"There is no secret"
It's the most disappointing answer I have ever heard.
I felt so disappointed. As if all that I had done and tried in the process was worthless.
How many questions must I ask -- questions that I must look forward to in the event that I find a lead to an answer that can change everything?
When do I know that I have reached and found an acceptable answer?
These are the questions that I ask myself every-time I get frustrated.
And I'm starting to think that I might be encouraging a flaw in my thinking. Continually expecting that one simple answer, could magically change everything about my life, is very unrealistic.
But I do think that way.
For the most part, that's the best part of my life: dreaming and imagining about the good things in life.
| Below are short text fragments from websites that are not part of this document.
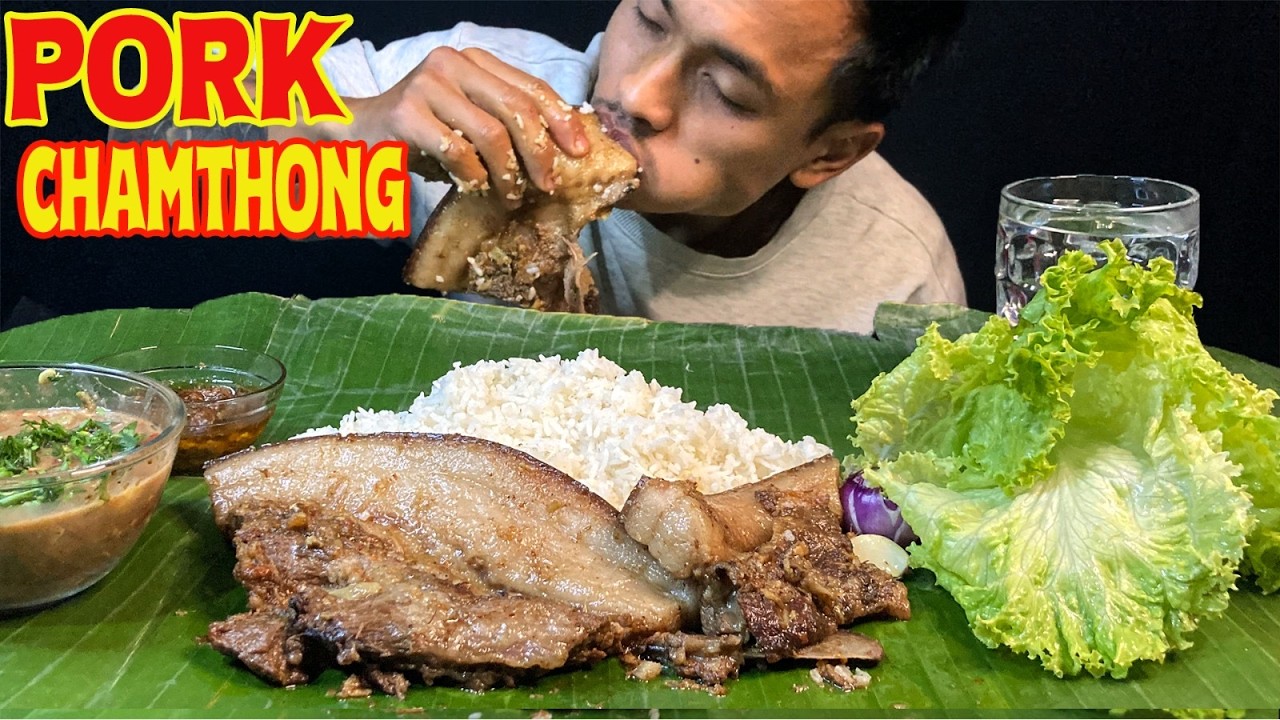 SIMPLE AND DELICIOUS PORK CURRY || PORK CHAMTHONG & EROMBA🔥🤤.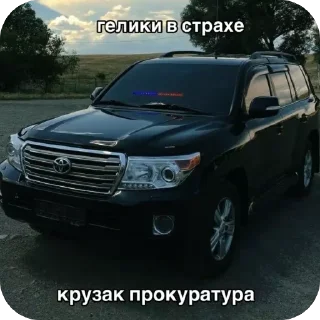 🫥 emoji prosto tip land cruiser 200 Telegram sticker 9 of 12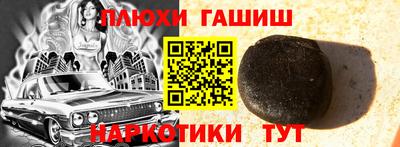 альфа пвп VHQ Ирбит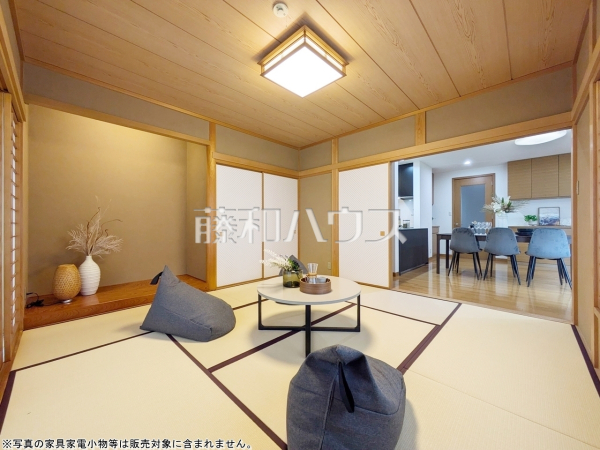 和室　【練馬区向山３丁目】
It's a habit that has continually harbored my sanity and given me permission to be somewhat healthy and optimistic in life.
But it does have its drawbacks.
It makes you feel unaccomplished all the fucking time.
It reminds you of your failures more often than ever.
It blasts everyone else's success.
And it leaves you feeling unmotivated, questioning every bit of your ambition.
All of a sudden, tired and impatient of the results, I'll spark a philosophical question -- why am I even interested in accomplishing these goals?
What's the point, when I already feel too comfortable and certain in my life? Wasn't there someone who said, "don't fix what's not broken"?
And you start to ask, Is it even worth labeling myself as an ambitious person? Or worse, am I a fake?
Maybe I am and maybe I am not.
It might just be better altogether to not even ask that last question.
It might be better to accept that part of my being as a part of the whole equation: you know, the yin and the yang thing.
It might also be easier to embrace and amplify the good things so that they keep the light of hope flicking in my eyes.